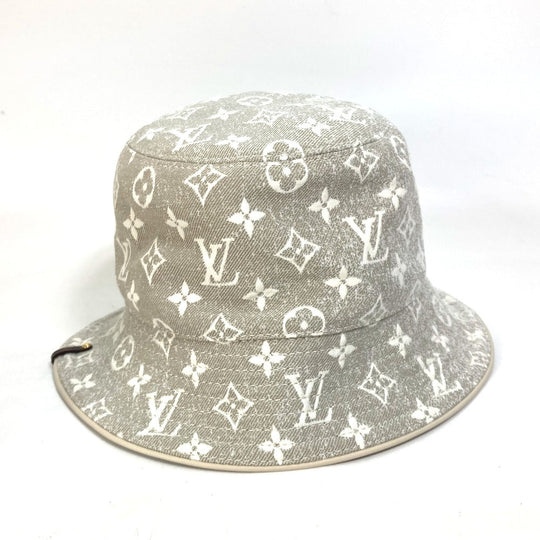 LOUIS VUITTON hat M7058S Nylon, Cotton beige Bucket hat in monogram jacquard denim Women S Used Authentic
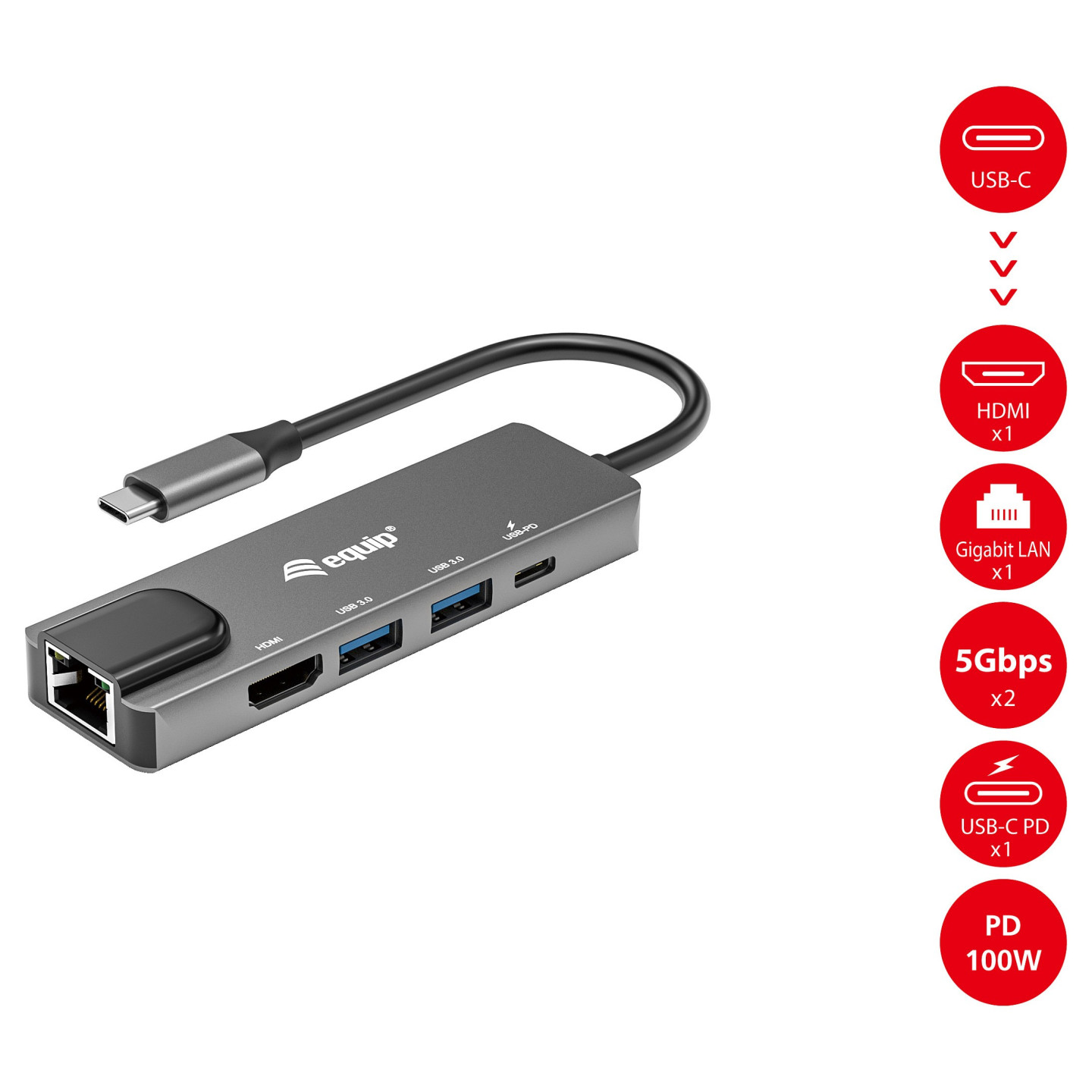 Equip Dock USB-C- to HDMI.2xUSB3.0.GbE.100WPD 25cm si — Buy in Cyprus with Fast Delivery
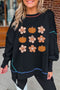 Pumpkin Floral Graphic Exposed Seam Tunic Sweatshirt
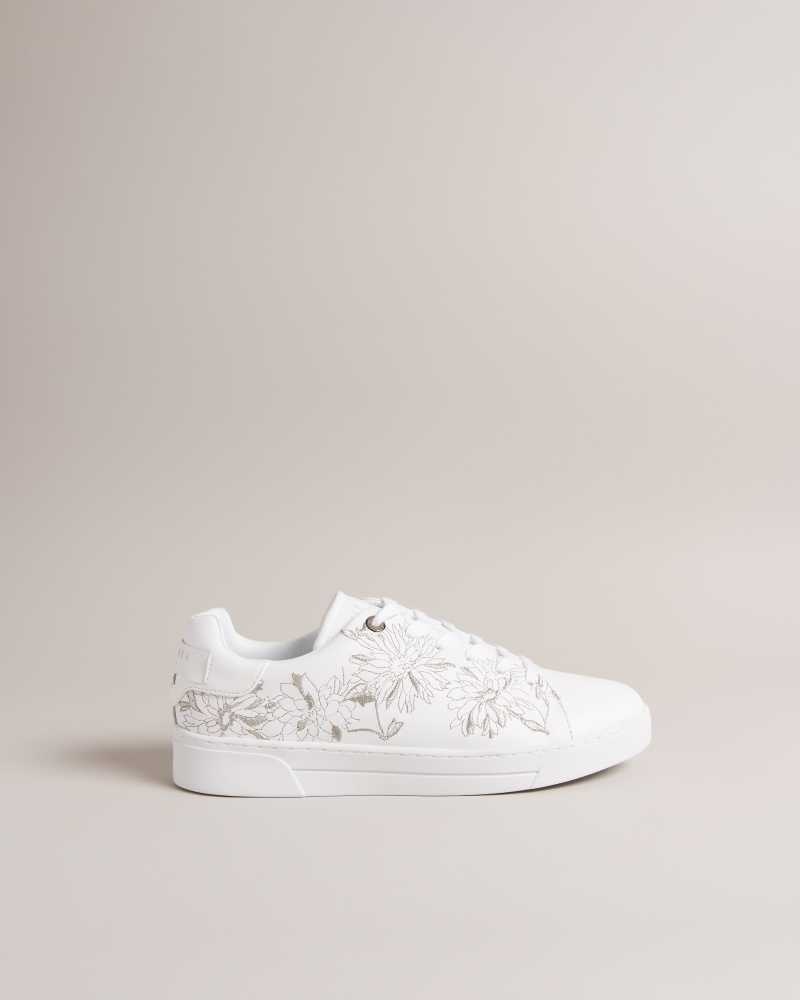 Silver Ted Baker Alline Embroidered Cupsole Sneakers | US0002198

**Exercise details**. An exact reproduction of the material above is needed, without its pictures.

**Output of the exercise**.
 LOUIS VUITTON hat M7058S Nylon, Cotton beige Bucket hat in monogram jacquard denim Women S Used Authentic
 Equip Dock USB-C- to HDMI.2xUSB3.0.GbE.100WPD 25cm si — Buy in Cyprus with Fast Delivery
 Pumpkin Floral Graphic Exposed Seam Tunic Sweatshirt
 Silver Ted Baker Alline Embroidered Cupsole Sneakers | US0002198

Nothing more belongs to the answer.